The anthropologists were wrong.
Humanity wasn’t born in the so-called Cradle of Civilization. Maybe reborn.
The anthropologists were wrong about a lot of things, but Laurent didn’t blame them. How were they to know better? To know that an ancient empire predated their notions of history. It was a well-guarded secret, kept only by the Seekers. Would the world of today, too, be forgotten ten thousand years hence?
Not if Laurent had his way.
The Cradle was a wasteland now, the mighty Tigris and Euphrates rivers reduced to mere trickles of their former glory. Nothing survived here for long except the hardiest plants and animals. Those few people who remained were no different, battling over the sandy wastes at the behest of local warlords just to survive. This place was windy, dusty, death—a canary in the coal mine for the withering Earth.

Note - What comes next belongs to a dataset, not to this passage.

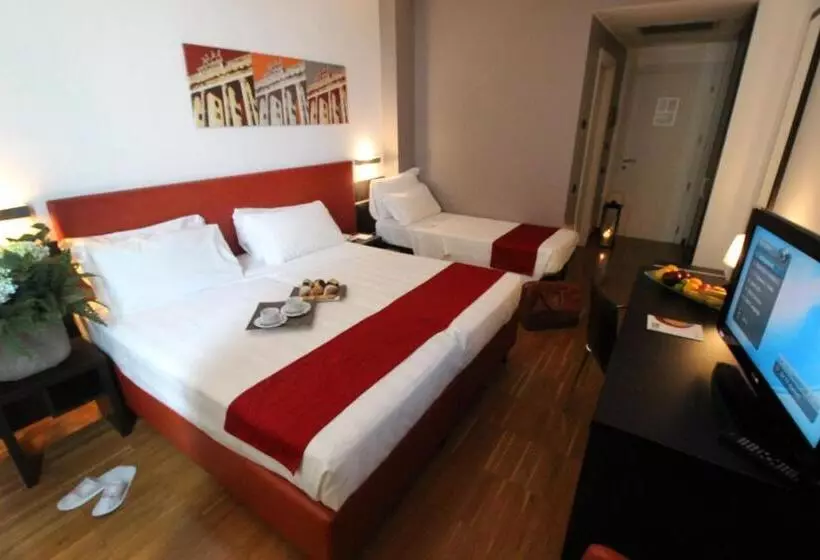 トリプルクラシックルーム, Euro Hotel Residence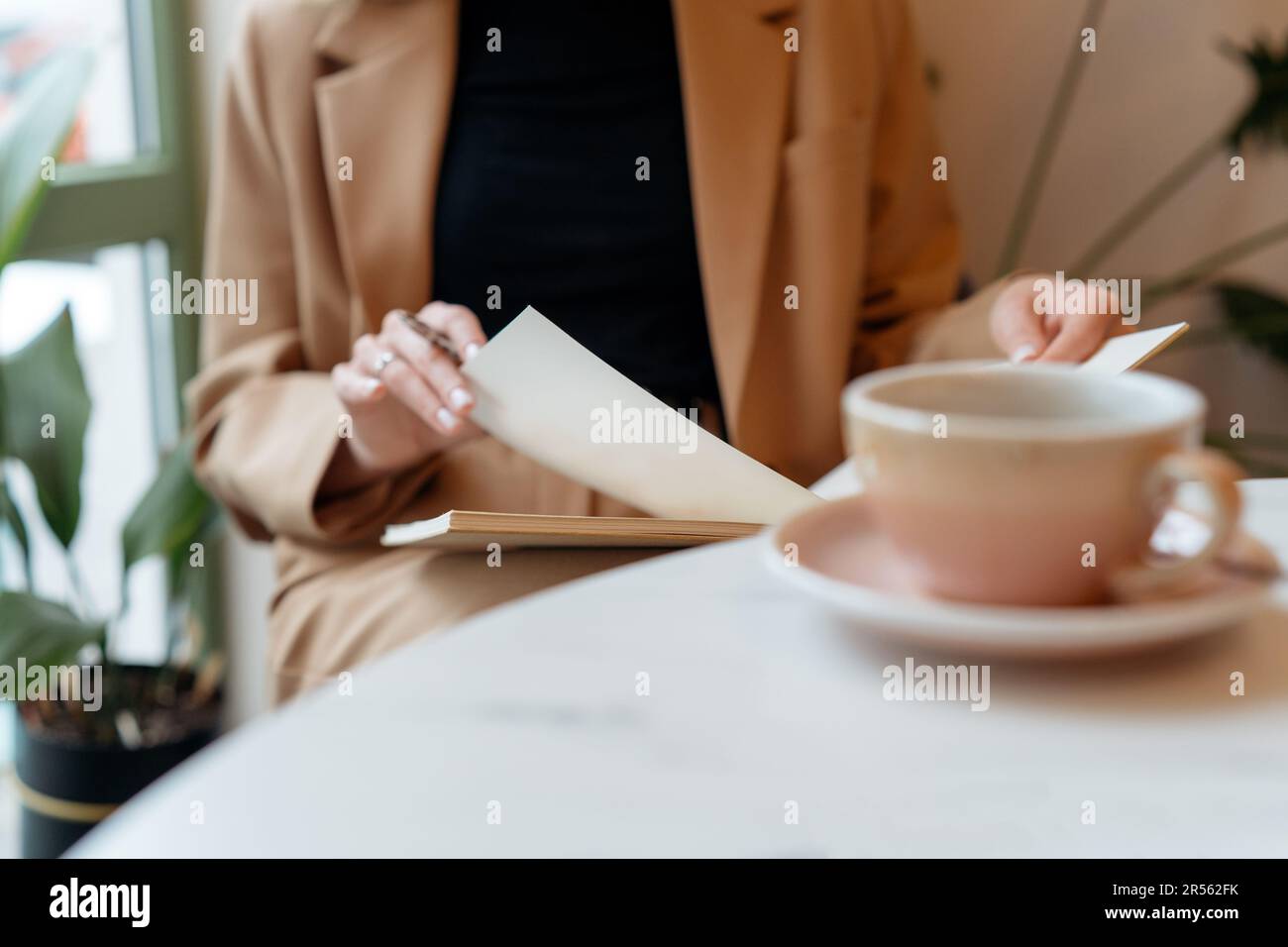 Gros plan d'une femme d'affaires regardant à travers son ordinateur portable Banque D'Images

This was the lead to version 3.7 of Spacewalker, and this was what I sent to Miranda Darrow for a developmental edit.
I didn't seek professional editing help until I was certain I'd pushed my story as far as I could on my own. And, after writing three drafts and going through a number of self-guided exercises, like the story validation checklist, I felt I was ready. Bombs away!

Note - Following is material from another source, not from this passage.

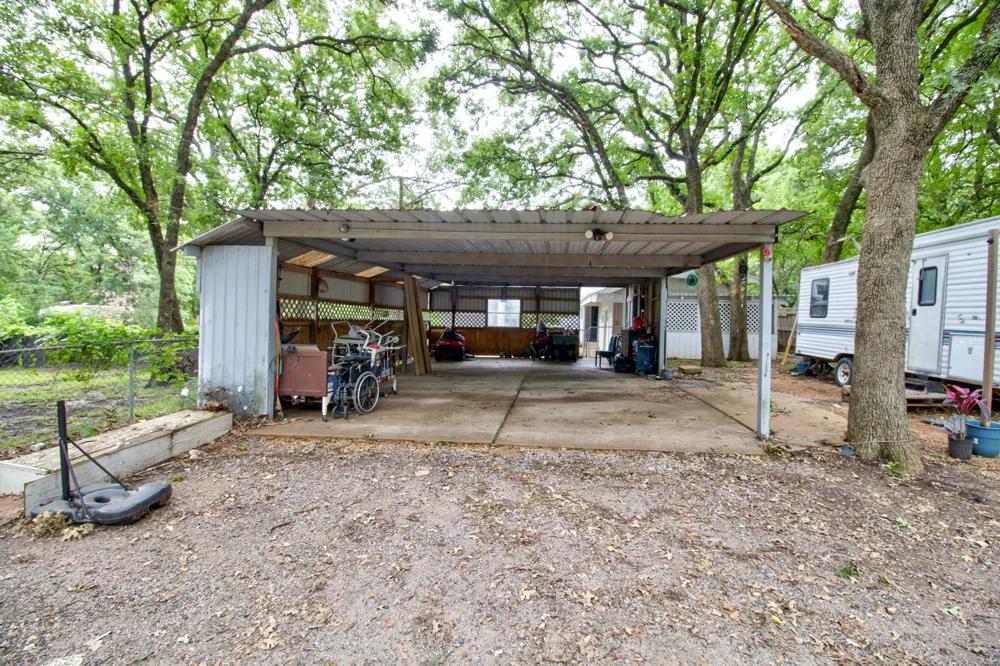 97 Oak Trail Drive Gordonville, TX 76245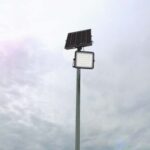 LED ηλιακός προβολέας 6W ψυχρό λευκό 6400K με μαύρο σώμα και χειριστήριο V-TAC – 7821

After rewriting the same story so many times, I'd managed to cram my manuscript full of sentences and scenes that I loved to death. I loved them for what they were (evocative phrasing, contemplative narration, or clever dialog) rather than what they contributed to the manuscript. In short, I couldn't see the literary forest for the trees. Sure enough, about a month later, Miranda sent back a developmental edit letter with five key areas to focus on. Number one, at the top of the list, was to drop the prologue that I was so fond of.
She wanted me to kill one of my darlings.
Sure, I'd read a few different resources that said prologues should be avoided if at all possible, I simply thought there was no other way to convey all that was necessary. Of course, this is where an experienced editor shines. Where I'd seen impossibility, she saw potential. She identified the key pieces of information present in the prologue and provided suggestions for how to scatter them throughout the early portions of the manuscript.
Naturally, I went through the stages of a grieving writer. From, "This prologue is great! Why would I cut it?" To, eventually, "Actually, yeah, this does stick out. There's a better way." In hindsight, it was very obviously the correct choice. The prologue was flavored like Indiana Jones, but the rest of the story was far more like Interstellar.
There were other darlings that got the axe, but none that caused me quite as much anguish as losing the prologue. Fewer trees can make for a stronger forest, at least in a literary sense.